Maalin mishtaros leyuchsin

Please keep davening for Moshe David ben Devorah.

Kesuvos 24 says (abridged): If one wrote 'I, ploni the Kohen, lent money to ...' and witnesses signed on it, can we consider the man a kohen? Do we consider the witnesses to be testifying only about the loan involved, or on everything in the document, including the fact the ploni is a kohen? It's a machlokes Rav Huna and Rav Chisda. One said we can consider him a kohen based on this and one said we may not.

Tosfos s.v. Chad seems to pasken that this is good enough, and in Kiddushin 76b s.v. ein is more explicit. But Rambam (Issurei Biah 20:9) says this is not good enough. Shulchan Aruch 3:2 paskens like Rambam. Rashba also argues on Rambam (like Tosfos), see Beis Shmuel 3:8. A question on the Rambam - why in Halacha 4 does he say maalin mitruma leyuchsin, but in Halacha 9 he departs from the words the Gemara uses and he says maalin mishtaros likehuna, and not leyuchsin? I'm not sure.

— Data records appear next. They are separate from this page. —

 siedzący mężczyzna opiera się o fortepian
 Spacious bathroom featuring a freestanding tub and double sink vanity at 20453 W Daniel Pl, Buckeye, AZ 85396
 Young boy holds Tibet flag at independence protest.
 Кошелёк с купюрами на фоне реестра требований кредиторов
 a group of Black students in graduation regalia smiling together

Ketzos Hachoshen asks (28:6) why doesn't the Gemara ask "isn't this mipi ksavam? Meaning, testimony is oral. If we consider someone a Kohen because of a signed document, that is written testimony and not oral testimony and should not be accepted? He answers that because all families are bechezkas kashrus, and because one witness is enough in Issurim if not for the fact that the chachamim made yuchsin special and they required two witnesses, so this requirement (to consider them meyuchasim) is only midirabanan, and in this case they accepted written testimony, but he concludes that this question still needs a good answer.

I'm wondering if the yichus is determined from the document itself, or do we use the document to determine what the chazakah of that person was then. If the latter, we are only using the document to see what the chazaka was, not to decide based on this document.

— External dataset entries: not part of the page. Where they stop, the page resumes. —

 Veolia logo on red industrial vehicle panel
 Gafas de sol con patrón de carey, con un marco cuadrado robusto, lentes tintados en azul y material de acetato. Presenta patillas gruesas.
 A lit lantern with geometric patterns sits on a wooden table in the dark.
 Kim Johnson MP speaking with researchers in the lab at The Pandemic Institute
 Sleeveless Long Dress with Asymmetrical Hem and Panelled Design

Also, the mishna in Kiddushin 76a says one who was signed as a witness in the registers of Yeshana near Tzipori is considered meyuchas. Rashi seems to say two explanations, but they it is unclear if they are different. He says because they used to record who was meyuchas and only use them to judge. But what does witnesses have to do with judges? Apparently Rashi is very medayek in "kol hakasher leha'id kasher ladun" (see Nida 49b). So they kept a list of kosher eidim not for their use as eidim, but for their use as dayanim. (Because there is no halacha you need a meyuchas to testify). However, Tosfos Yom Tov bring Rashi - and Rashi also says this on the mishna - there was a sanhedrin that investigated people to determine if they were meyuchas. So it wasn't a register of dayanim, it was a register of investigated people. Tosfos Y"T also says didn't have the word "eid" in his mishna. Others discuss if the word Archei is spelled with an ayin, which means register or aleph, which means the elders. Rambam in Peirush Hamishna says if someone was an eid in this register, then they were meyuchas. He mentions nothing about a register due to a beis din investigating their yuchsin.

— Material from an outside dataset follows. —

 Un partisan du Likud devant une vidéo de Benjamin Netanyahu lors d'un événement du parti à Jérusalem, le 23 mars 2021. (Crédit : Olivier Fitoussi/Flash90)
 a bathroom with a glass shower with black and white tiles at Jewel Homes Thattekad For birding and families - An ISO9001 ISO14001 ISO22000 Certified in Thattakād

So it's possible that the register is not what makes us decide he's meyuchas, the register is a record of what was previously decided by a beis din investigating someone's status.

2 comments:

The Talmid said...

Re why should an eid have to be meyuchas - Darkei Moshe on Tur O"C 141 end of 3 brings Mahara of Prague that a Mamzer can get an aliya. What's the hava amina he can't? 1) the poskim discuss sirsur by Kriyas Hatorah, just as Moshe gave us the torah besirsur, we need at least 2 people up at the bima. So...maybe we'd think it has to be a meyuchas like Moshe, ka mashma lan no, even a mamzer. 2) related to our issue - That Beis Yosef cites the Orchos Chaim 2 brothers or father & son can't get back-to-back aliyos because they are pasul eid to the other one (his lashon) and Torah is eidus Hashem Ne'emanah. So...maybe the hava amina is you need to be meyuchas (or at least not very pasul like a mamzer) to give eidus, but Mahara of Prague says a mamzer can get an aliya.

The Talmid said...

The Sanhedrin Hagadol's jurisdiction was: investigating the yichus of Kohanim; if other batei din did not know a psak; and other dinim as described in the first perek of Sanhedrin. See Midos 5:4, Tosefta Sanhedrin Ch. 7 and Tosefta Chagiga, Ch. 2.

Compare to the US Constitution, Article 3:
In all Cases affecting Ambassadors, other public Ministers and Consuls, and those in which a State shall be Party, the supreme Court shall have original Jurisdiction. In all the other Cases before mentioned, the supreme Court shall have appellate Jurisdiction, both as to Law and Fact, with such Exceptions, and under such Regulations as the Congress shall make.